Dès lors, on ira vite de l'autodétermination promise à l'idée de négociation, mais il faudra trois ans encore avant sa conclusion. La semaine des barricades d'Alger, en janvier 1960, révolte des éléments les plus engagés des « pieds-noirs », agira comme un révélateur. L'appel aux pourparlers est lancé le 14 juin de la même année. Un premier contact, pris à Melun, échoue, mais le fil sera bientôt renoué. Le référendum du 8 janvier 1961 adapte par avance les textes constitutionnels à la paix future. Le putsch des généraux d'Alger, en avril 1961, loin de freiner la marche vers la négociation, l'accélère ; son effondrement, l'arrestation des chefs du coup de force laissent le champ libre.

La recherche de la paix, entamée à Évian le 20 mai, connaîtra encore bien des vicissitudes. L'aboutissement sera, à travers les accords de mars 1962, la porte ouverte sur l'indépendance, qui deviendra effective le 1er juillet suivant, après que la métropole eut approuvé sans joie, mais avec soulagement, par 90 % des voix, la solution intervenue.

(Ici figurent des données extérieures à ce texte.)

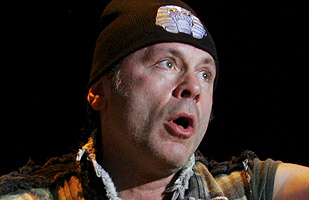 Iron Maiden Iron Maiden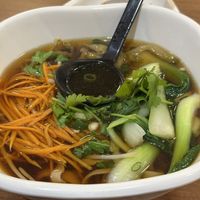   at Chez Haki in Paris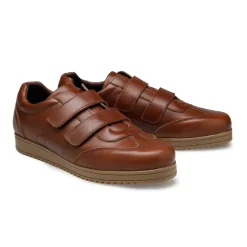 Mocassins coussin d'air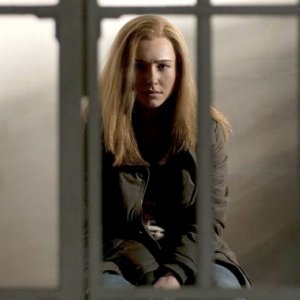 Amanda Knox: Murder on Trial in Italy - Hayden Panettiere dietro le sbarre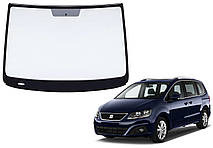 Лобове скло Seat Alhambra 2010-2022 Sekurit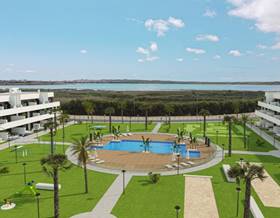 apartments for sale in la mata, alicante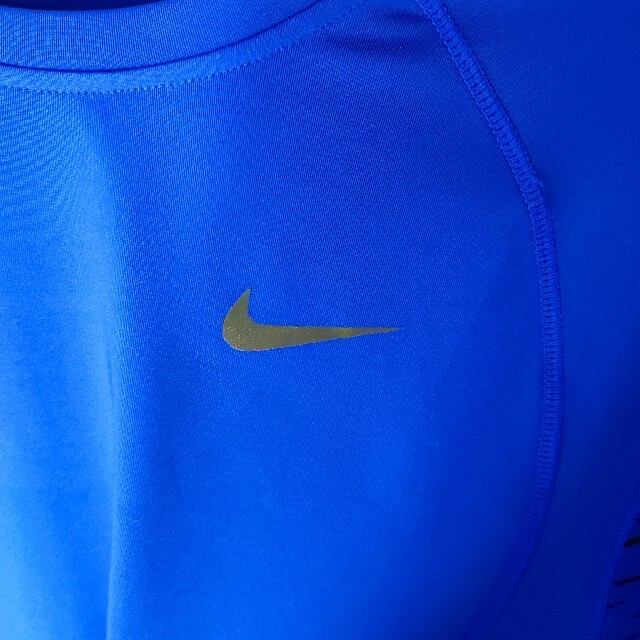 NIKE(ナイキ)のナイキドライフィット T シャツ トレーニング用 スポーツ/アウトドアのランニング(ウェア)の商品写真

Six mois de terrorisme, de violence, aveugle ou désespérée, les « nuits bleues » de Paris, ponctuées d'explosions, les attentats et les batailles de l'OAS en Algérie, la répression, les « soldats perdus », l'épuration de l'armée, le rapatriement et l'accueil en métropole de plus d'un million de Français d'Algérie chassés de leur terre, dépouillés de leurs biens, les morts, les souffrances, l'amertume, tel sera le prix à payer. Mais la France, pour la première fois depuis un quart de siècle, est désormais en paix. On ne tue plus et on ne meurt plus en son nom.

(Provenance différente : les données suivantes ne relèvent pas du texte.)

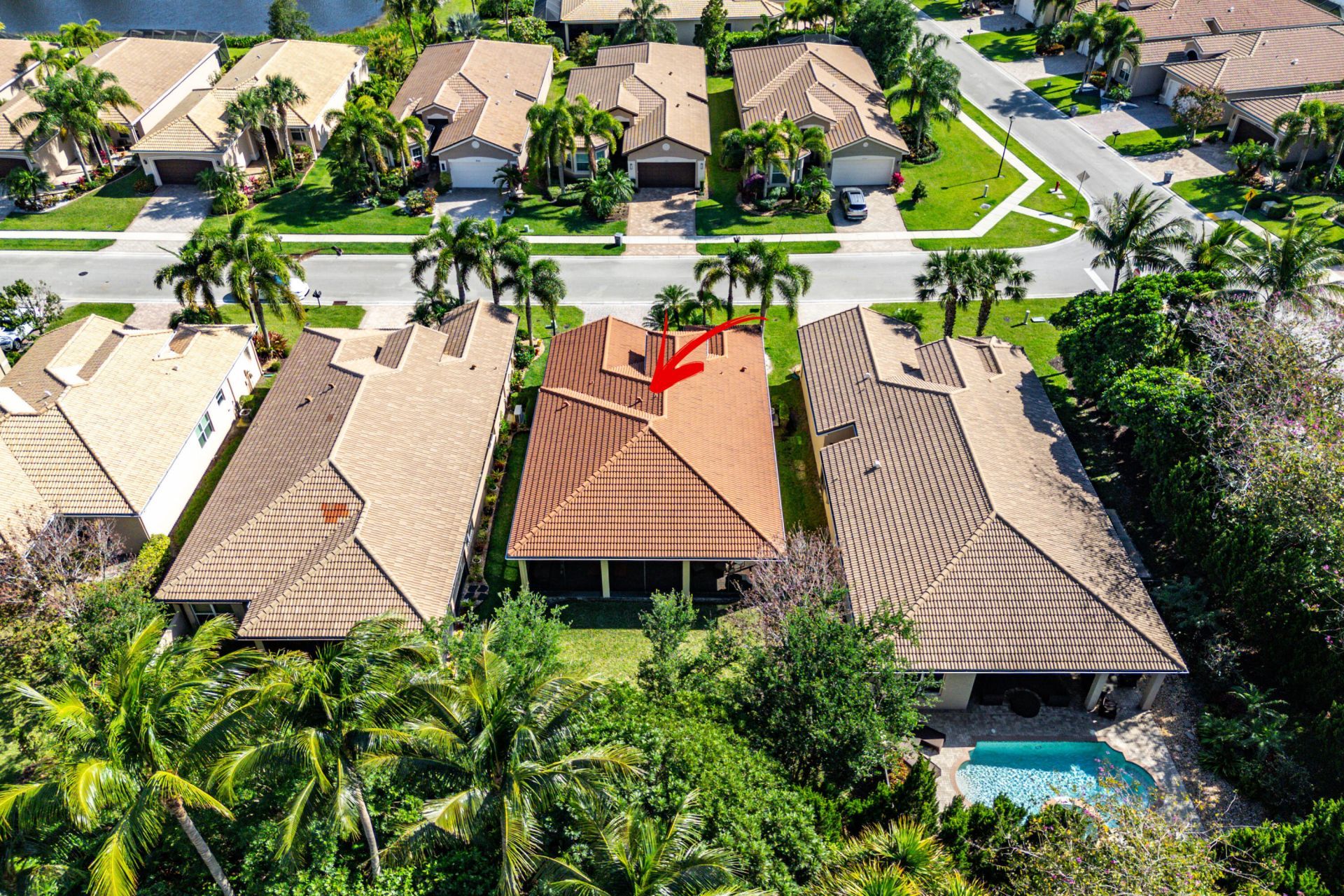 8727 Carmel Mountain Way, Boynton Beach, FL 33473 Photo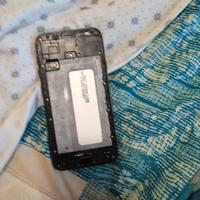 Parti ricambio j7 Samsung 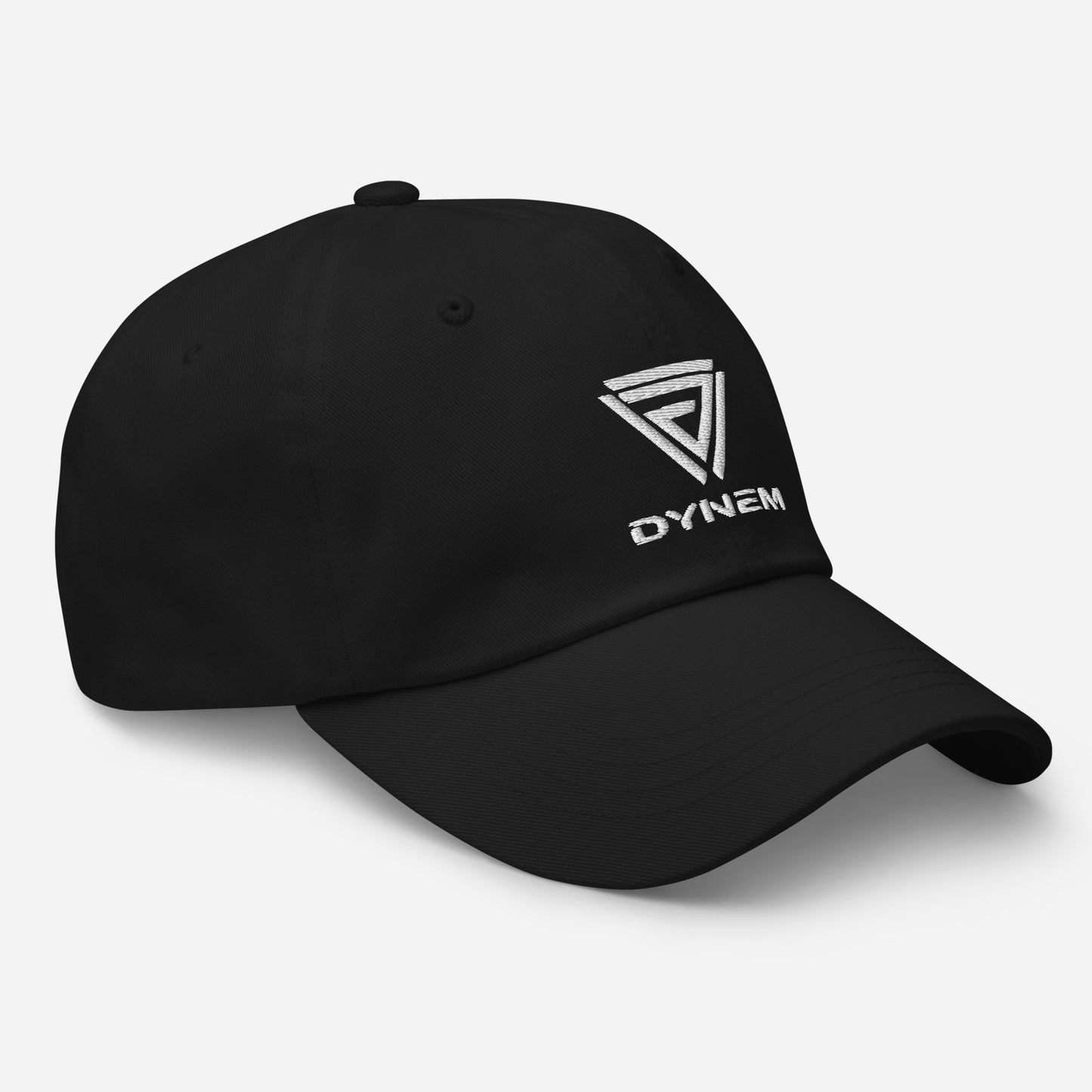 Baseball Cap with Dynem® Logo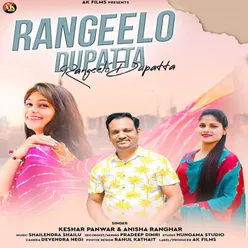 Rangeela Dupatta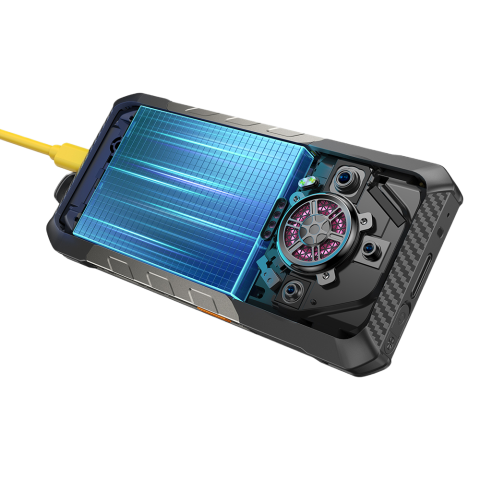 Telefon Ulefone Armor 30 4G 512GB Speaker 4W [16]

La décolonisation de l'Afrique noire avait été beaucoup plus rapide et nullement sanglante. À l'exception de la Guinée, qui, répondant « non » au référendum de 1958, s'était exclue de la Communauté, des relations privilégiées s'établissaient entre les treize républiques francophones d'Afrique devenues indépendantes et la France.

À cause d'elles, pour elles, et bientôt aussi pour d'autres pays à travers la planète, l'aide française représentera le plus fort pourcentage du revenu national consacré au tiers monde par une des grandes nations, Amérique comprise. La forme, la répartition de cette aide, la coopération connaîtront des fortunes diverses, des traverses, des déconvenues et aussi des succès. Des conflits éclateront, les critiques ne manqueront pas. Les quatre départements d'outre-mer, les six territoires, dernières taches roses sur la planisphère qui rappellent ce que fut jadis l'Empire français, poseront aussi bien des problèmes. Cependant, un mouvement de sympathie retrouvée, un prestige incontestable, une autorité accrue dans le débat mondial donneront à la France, pour des millions d'hommes dans le monde, un visage nouveau, pacifique et serein.

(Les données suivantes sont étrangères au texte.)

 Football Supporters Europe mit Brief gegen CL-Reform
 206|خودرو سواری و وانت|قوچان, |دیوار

La diplomatie et la défense

S'il avait opté d'abord pour la réforme des institutions, s'il avait dû ensuite s'attacher par priorité à résoudre le problème algérien, de Gaulle devait faire néanmoins, d'un bout à l'autre de son règne, de la diplomatie et de son corollaire la défense son domaine de prédilection. Dernier survivant encore au pouvoir des Grands de la Seconde Guerre mondiale, après la disparition de Staline, la retraite, puis la mort de Churchill et d'Eisenhower, il avait même duré politiquement plus que nombre de gouvernants de l'après-guerre. Il avait vu surgir, s'affirmer, puis s'effacer ou disparaître Truman et Kennedy aux États-Unis, Attlee, Éden et MacMillan en Grande-Bretagne, Malenkov et Khrouchtchev en Union soviétique, Adenauer et Erhard en Allemagne, et bien d'autres. Deux mots clefs domineront et résumeront une expérience exceptionnelle, ainsi que toute sa politique militaire et extérieure : grandeur et indépendance.

Au nom de la grandeur et pour assurer l'indépendance, il bouleversera trois données fondamentales de la diplomatie française de l'après-guerre : la France quittera par étapes l'Organisation atlantique, et ses relations avec les alliés américains et anglais traverseront des moments difficiles ; elle s'assurera la possession de l'arme nucléaire, puis thermonucléaire ; elle réorientera vers l'Est sa recherche de l'entente et de la coopération, se rapprochant notablement de l'Union soviétique, des républiques populaires et reconnaissant la Chine communiste.